This role is “rare” precisely because universities are constituted off to the side of “normal” society, unfettered by the need to deliver immediately on real-world concerns. We should, in principle, encourage an experimental attitude well suited to a thoughtful discourse, from many angles, about important issues. We should be centers of intellectual diversity and should permit a certain intellectual playfulness with ideas likely to encourage discovery.

The “critical” role works when we open our gates sufficiently to our many publics that we remain connected to the concerns of the day, the critical societal issues, and the voices pushing them. We must also face outward, toward culture-changing work.

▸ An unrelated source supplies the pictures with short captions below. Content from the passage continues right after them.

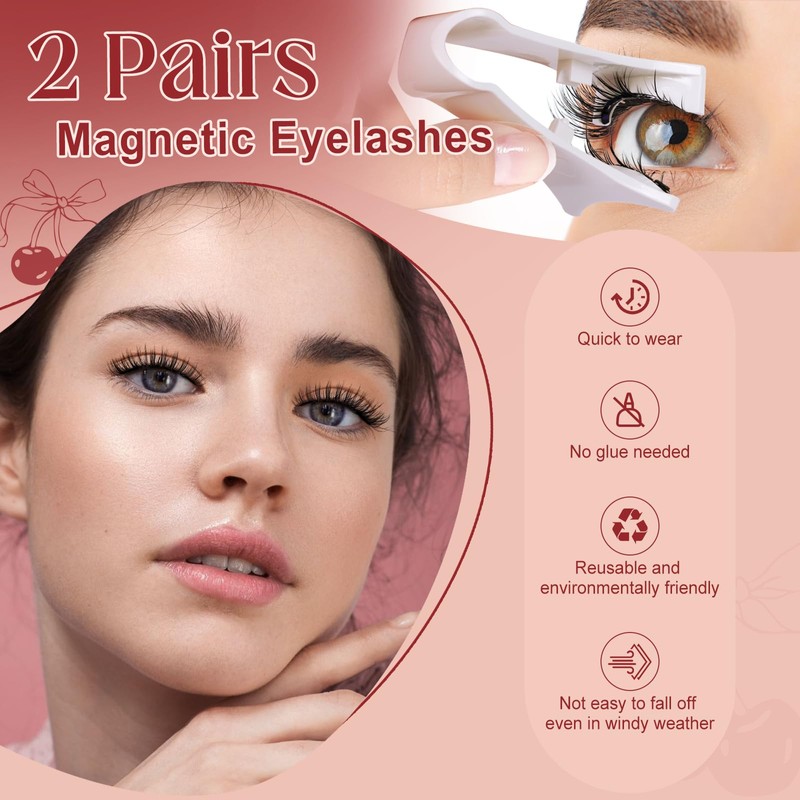 Higu clace Magnetic Eyelash kit, Reusable Magnetic Lashes Set with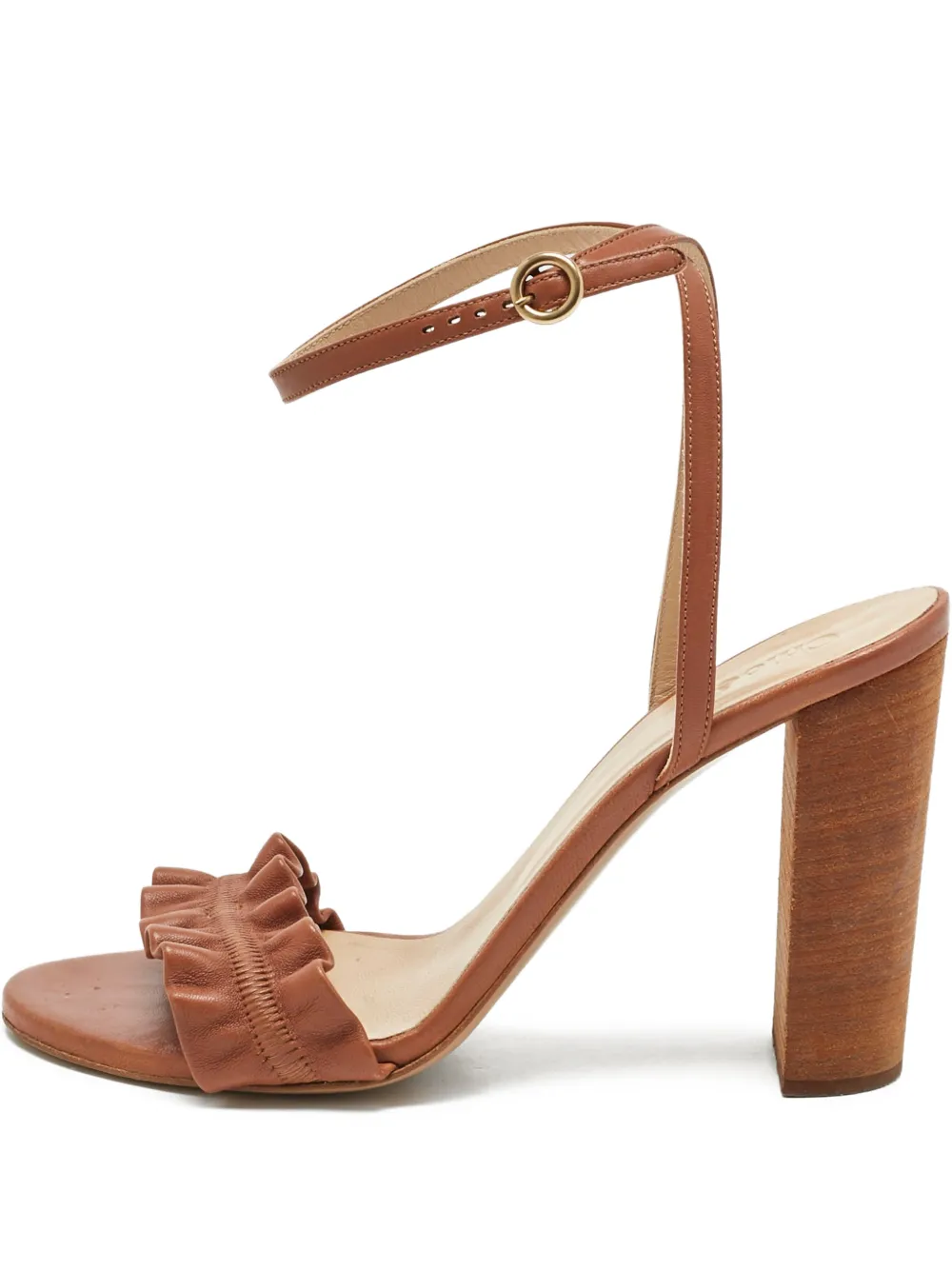 Chloé Pre-Owned ruched-embellishment sandals - Braun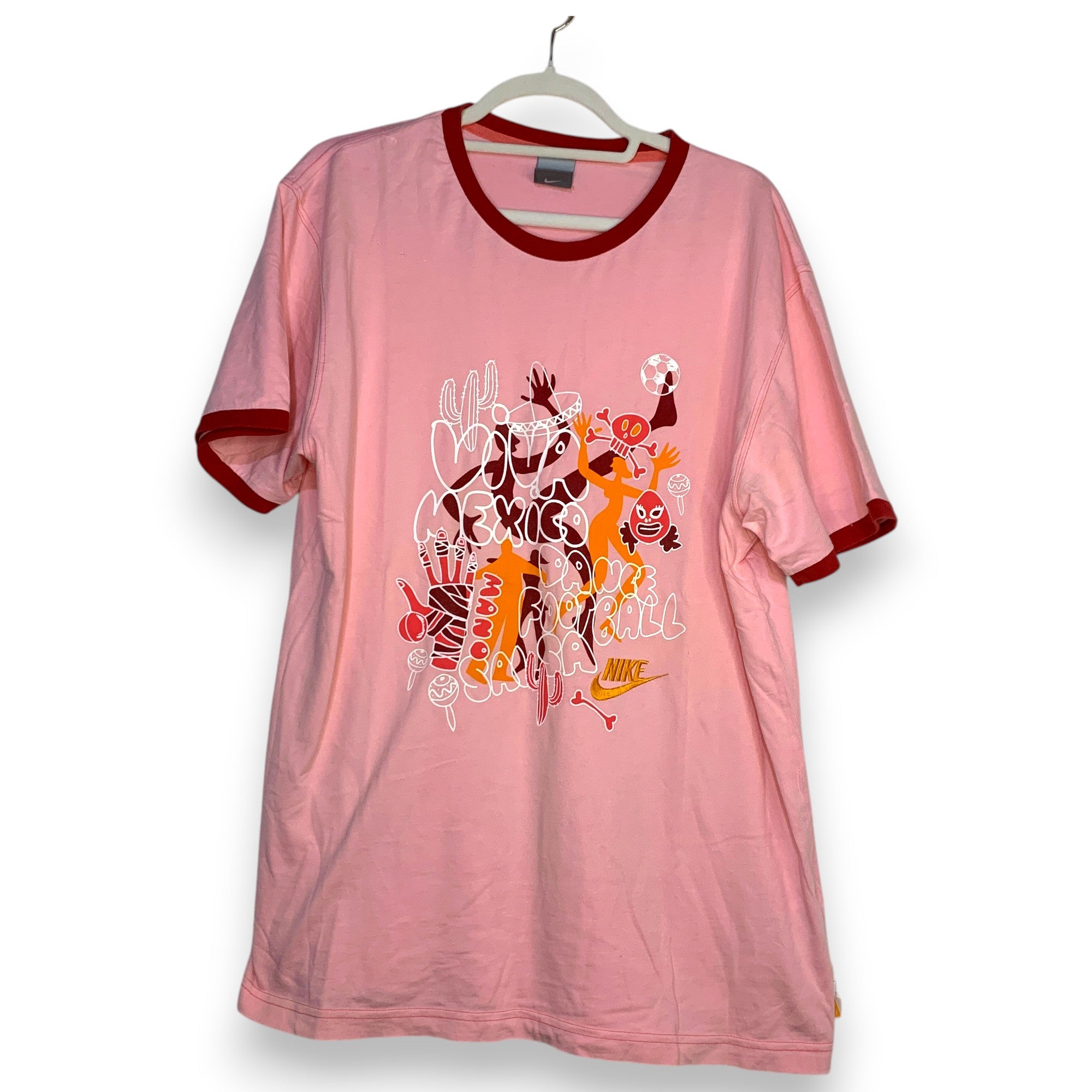 CAMISETA NIKE MÉXICO DANCE FOOTBALL ROSA PASTEL TALLA XL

We do our best when we are poised between two worlds, the world of the monastery, with its dedication to a higher purpose, and the marketplace, with the multitude of pressing concerns of everyday life.1

As I will argue here, exchanges built around the arts can be especially effective in allowing us to remain poised between worlds—to celebrate who we are and how we get to know each other, while also taking a self-critical view of how we normally live our separate lives.


Separate, Contested, and Lost

And, speaking of separate lives, surrounding each university is a world – actually, many worlds – as divisive, insular, bounded, and contested as one can imagine.

Last summer, 35 years after the Kerner Commission warned “Our Nation is moving toward two societies, one black, one white—separate and unequal,”2 racial violence as tragic as any the commission studied broke out in the all-black city of Benton Harbor, Michigan. With cruel irony, this happened just as the Supreme Court was affirming in the Michigan cases—as it had 50 years ago in Brown v Board of Education—that this nation has a compelling interest in educating students to live and work together.3

We are now just one generation away from a time when white children will be the minority in our public schools, and different races and ethnic groups still live in separate neighborhoods, attend different schools, churches, synagogues and mosques, and grow up without attending each other’s birthday parties, proms, weddings and funerals. In practice, the promise of desegregation in Brown is largely unrealized, a vision of a better time that has not yet been achieved.

Because we do not know each other, the stereotypes we hold have led to great injustices and inequalities in such vital areas as employment, health care, and the criminal justice system.

Mirroring these divisions at home, ethnic, religious, and inter-group conflict can be seen in virtually every corner of the globe, resulting in untold human and cultural carnage.

To make matters worse, we have reacted to very real pain and losses on our own shores with a turn inward, a “battening the hatches” if you will, that poses real problems for the kinds of free and vital exchange of people and ideas at the heart of our democracy. It is no accident that when this nation begins to worry about “outsiders,” we often clamp down on our own artists and writers, precisely because they are forces for free intercultural expression.

Boundaries that separate, as they do in our own land, contribute to the loss of cultures and indigenous traditions everywhere, as ethnomusicologists, linguists, anthropologists and archaeologists lose track of music in Liberia, native languages in the Southwest, rituals in New Zealand, or treasures in Iraq, to name a few contested arenas.

Paradoxically, even as we build walls and lose touch with indigenous traditions within them, we cannot escape the effects of an astonishing and fast-moving revolution in technology that is spreading a certain kind of global culture.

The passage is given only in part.